WHAT IS NEEDED — Retype every entry below without any change.

═════ GIVEN RECORDS ═════

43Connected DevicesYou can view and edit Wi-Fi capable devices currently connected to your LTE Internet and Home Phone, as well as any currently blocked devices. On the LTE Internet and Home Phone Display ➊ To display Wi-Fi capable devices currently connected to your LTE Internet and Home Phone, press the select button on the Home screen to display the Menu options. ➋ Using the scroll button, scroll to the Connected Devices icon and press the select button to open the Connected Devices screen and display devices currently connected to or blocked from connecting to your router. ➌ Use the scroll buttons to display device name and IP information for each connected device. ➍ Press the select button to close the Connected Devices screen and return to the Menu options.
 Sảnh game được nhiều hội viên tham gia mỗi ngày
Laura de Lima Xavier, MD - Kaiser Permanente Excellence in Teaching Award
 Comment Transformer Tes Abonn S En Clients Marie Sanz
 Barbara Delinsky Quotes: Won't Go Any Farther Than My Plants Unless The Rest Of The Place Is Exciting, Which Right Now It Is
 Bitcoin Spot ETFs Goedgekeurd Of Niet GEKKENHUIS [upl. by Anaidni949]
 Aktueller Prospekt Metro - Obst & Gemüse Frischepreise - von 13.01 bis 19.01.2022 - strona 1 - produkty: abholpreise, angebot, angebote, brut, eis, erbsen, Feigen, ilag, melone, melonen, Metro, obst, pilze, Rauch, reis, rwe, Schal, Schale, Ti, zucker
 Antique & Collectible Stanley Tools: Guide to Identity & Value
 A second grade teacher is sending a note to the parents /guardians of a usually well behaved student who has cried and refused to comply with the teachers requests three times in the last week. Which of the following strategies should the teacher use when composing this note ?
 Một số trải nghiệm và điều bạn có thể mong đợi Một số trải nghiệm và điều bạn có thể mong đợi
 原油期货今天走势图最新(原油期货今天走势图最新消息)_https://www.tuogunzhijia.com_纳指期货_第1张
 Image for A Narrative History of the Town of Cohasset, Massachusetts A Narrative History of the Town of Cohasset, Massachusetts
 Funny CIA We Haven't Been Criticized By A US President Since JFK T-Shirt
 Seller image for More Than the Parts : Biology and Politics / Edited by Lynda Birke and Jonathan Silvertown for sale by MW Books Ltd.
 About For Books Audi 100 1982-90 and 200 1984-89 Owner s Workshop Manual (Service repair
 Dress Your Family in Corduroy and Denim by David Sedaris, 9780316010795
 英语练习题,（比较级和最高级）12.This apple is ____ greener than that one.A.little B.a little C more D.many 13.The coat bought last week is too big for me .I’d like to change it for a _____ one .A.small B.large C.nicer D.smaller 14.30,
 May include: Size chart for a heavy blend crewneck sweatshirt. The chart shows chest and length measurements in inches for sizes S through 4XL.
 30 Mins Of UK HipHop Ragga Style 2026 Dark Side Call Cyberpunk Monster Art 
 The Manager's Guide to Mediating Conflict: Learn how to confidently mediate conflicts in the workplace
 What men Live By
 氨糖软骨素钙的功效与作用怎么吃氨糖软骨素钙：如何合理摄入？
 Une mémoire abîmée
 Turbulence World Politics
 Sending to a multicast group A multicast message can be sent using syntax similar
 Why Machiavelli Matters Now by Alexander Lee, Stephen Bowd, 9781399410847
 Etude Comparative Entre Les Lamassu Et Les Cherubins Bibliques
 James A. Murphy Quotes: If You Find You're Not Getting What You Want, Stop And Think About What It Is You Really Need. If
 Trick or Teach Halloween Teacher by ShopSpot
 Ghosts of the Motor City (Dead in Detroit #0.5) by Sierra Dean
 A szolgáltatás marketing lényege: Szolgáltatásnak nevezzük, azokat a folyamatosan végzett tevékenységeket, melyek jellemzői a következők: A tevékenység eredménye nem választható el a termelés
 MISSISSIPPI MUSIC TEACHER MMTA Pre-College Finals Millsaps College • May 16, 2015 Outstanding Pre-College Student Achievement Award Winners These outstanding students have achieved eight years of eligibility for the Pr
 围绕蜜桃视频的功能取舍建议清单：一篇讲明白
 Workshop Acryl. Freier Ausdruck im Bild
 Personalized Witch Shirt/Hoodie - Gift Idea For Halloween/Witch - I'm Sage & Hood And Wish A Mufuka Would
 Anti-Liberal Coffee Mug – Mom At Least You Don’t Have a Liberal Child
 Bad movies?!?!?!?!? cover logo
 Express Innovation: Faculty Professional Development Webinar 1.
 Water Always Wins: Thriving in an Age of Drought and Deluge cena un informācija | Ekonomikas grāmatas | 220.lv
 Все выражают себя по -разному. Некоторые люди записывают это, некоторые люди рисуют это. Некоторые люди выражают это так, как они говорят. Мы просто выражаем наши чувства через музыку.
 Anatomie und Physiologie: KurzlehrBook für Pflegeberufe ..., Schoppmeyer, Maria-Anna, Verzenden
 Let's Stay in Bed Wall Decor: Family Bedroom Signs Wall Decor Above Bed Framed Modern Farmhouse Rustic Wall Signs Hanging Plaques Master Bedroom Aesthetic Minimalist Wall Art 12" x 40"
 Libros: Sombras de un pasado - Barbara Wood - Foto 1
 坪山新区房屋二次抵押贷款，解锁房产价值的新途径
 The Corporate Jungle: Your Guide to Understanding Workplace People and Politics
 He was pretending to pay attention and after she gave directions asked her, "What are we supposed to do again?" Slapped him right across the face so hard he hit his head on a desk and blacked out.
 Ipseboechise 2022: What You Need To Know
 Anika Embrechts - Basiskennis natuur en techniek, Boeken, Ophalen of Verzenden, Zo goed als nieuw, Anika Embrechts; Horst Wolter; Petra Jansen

═════

ANSWER SPACE —
43Connected DevicesYou can view and edit Wi-Fi capable devices currently connected to your LTE Internet and Home Phone, as well as any currently blocked devices. On the LTE Internet and Home Phone Display ➊ To display Wi-Fi capable devices currently connected to your LTE Internet and Home Phone, press the select button on the Home screen to display the Menu options. ➋ Using the scroll button, scroll to the Connected Devices icon and press the select button to open the Connected Devices screen and display devices currently connected to or blocked from connecting to your router. ➌ Use the scroll buttons to display device name and IP information for each connected device. ➍ Press the select button to close the Connected Devices screen and return to the Menu options.
 Sảnh game được nhiều hội viên tham gia mỗi ngày
Laura de Lima Xavier, MD - Kaiser Permanente Excellence in Teaching Award
 Comment Transformer Tes Abonn S En Clients Marie Sanz
 Barbara Delinsky Quotes: Won't Go Any Farther Than My Plants Unless The Rest Of The Place Is Exciting, Which Right Now It Is
 Bitcoin Spot ETFs Goedgekeurd Of Niet GEKKENHUIS [upl. by Anaidni949]
 Aktueller Prospekt Metro - Obst & Gemüse Frischepreise - von 13.01 bis 19.01.2022 - strona 1 - produkty: abholpreise, angebot, angebote, brut, eis, erbsen, Feigen, ilag, melone, melonen, Metro, obst, pilze, Rauch, reis, rwe, Schal, Schale, Ti, zucker
 Antique & Collectible Stanley Tools: Guide to Identity & Value
 A second grade teacher is sending a note to the parents /guardians of a usually well behaved student who has cried and refused to comply with the teachers requests three times in the last week. Which of the following strategies should the teacher use when composing this note ?
 Một số trải nghiệm và điều bạn có thể mong đợi Một số trải nghiệm và điều bạn có thể mong đợi
 原油期货今天走势图最新(原油期货今天走势图最新消息)_https://www.tuogunzhijia.com_纳指期货_第1张
 Image for A Narrative History of the Town of Cohasset, Massachusetts A Narrative History of the Town of Cohasset, Massachusetts
 Funny CIA We Haven't Been Criticized By A US President Since JFK T-Shirt
 Seller image for More Than the Parts : Biology and Politics / Edited by Lynda Birke and Jonathan Silvertown for sale by MW Books Ltd.
 About For Books Audi 100 1982-90 and 200 1984-89 Owner s Workshop Manual (Service repair
 Dress Your Family in Corduroy and Denim by David Sedaris, 9780316010795
 英语练习题,（比较级和最高级）12.This apple is ____ greener than that one.A.little B.a little C more D.many 13.The coat bought last week is too big for me .I’d like to change it for a _____ one .A.small B.large C.nicer D.smaller 14.30,
 May include: Size chart for a heavy blend crewneck sweatshirt. The chart shows chest and length measurements in inches for sizes S through 4XL.
 30 Mins Of UK HipHop Ragga Style 2026 Dark Side Call Cyberpunk Monster Art 
 The Manager's Guide to Mediating Conflict: Learn how to confidently mediate conflicts in the workplace
 What men Live By
 氨糖软骨素钙的功效与作用怎么吃氨糖软骨素钙：如何合理摄入？
 Une mémoire abîmée
 Turbulence World Politics
 Sending to a multicast group A multicast message can be sent using syntax similar
 Why Machiavelli Matters Now by Alexander Lee, Stephen Bowd, 9781399410847
 Etude Comparative Entre Les Lamassu Et Les Cherubins Bibliques
 James A. Murphy Quotes: If You Find You're Not Getting What You Want, Stop And Think About What It Is You Really Need. If
 Trick or Teach Halloween Teacher by ShopSpot
 Ghosts of the Motor City (Dead in Detroit #0.5) by Sierra Dean
 A szolgáltatás marketing lényege: Szolgáltatásnak nevezzük, azokat a folyamatosan végzett tevékenységeket, melyek jellemzői a következők: A tevékenység eredménye nem választható el a termelés
 MISSISSIPPI MUSIC TEACHER MMTA Pre-College Finals Millsaps College • May 16, 2015 Outstanding Pre-College Student Achievement Award Winners These outstanding students have achieved eight years of eligibility for the Pr
 围绕蜜桃视频的功能取舍建议清单：一篇讲明白
 Workshop Acryl. Freier Ausdruck im Bild
 Personalized Witch Shirt/Hoodie - Gift Idea For Halloween/Witch - I'm Sage & Hood And Wish A Mufuka Would
 Anti-Liberal Coffee Mug – Mom At Least You Don’t Have a Liberal Child
 Bad movies?!?!?!?!? cover logo
 Express Innovation: Faculty Professional Development Webinar 1.
 Water Always Wins: Thriving in an Age of Drought and Deluge cena un informācija | Ekonomikas grāmatas | 220.lv
 Все выражают себя по -разному. Некоторые люди записывают это, некоторые люди рисуют это. Некоторые люди выражают это так, как они говорят. Мы просто выражаем наши чувства через музыку.
 Anatomie und Physiologie: KurzlehrBook für Pflegeberufe ..., Schoppmeyer, Maria-Anna, Verzenden
 Let's Stay in Bed Wall Decor: Family Bedroom Signs Wall Decor Above Bed Framed Modern Farmhouse Rustic Wall Signs Hanging Plaques Master Bedroom Aesthetic Minimalist Wall Art 12" x 40"
 Libros: Sombras de un pasado - Barbara Wood - Foto 1
 坪山新区房屋二次抵押贷款，解锁房产价值的新途径
 The Corporate Jungle: Your Guide to Understanding Workplace People and Politics
 He was pretending to pay attention and after she gave directions asked her, "What are we supposed to do again?" Slapped him right across the face so hard he hit his head on a desk and blacked out.
 Ipseboechise 2022: What You Need To Know
 Anika Embrechts - Basiskennis natuur en techniek, Boeken, Ophalen of Verzenden, Zo goed als nieuw, Anika Embrechts; Horst Wolter; Petra Jansen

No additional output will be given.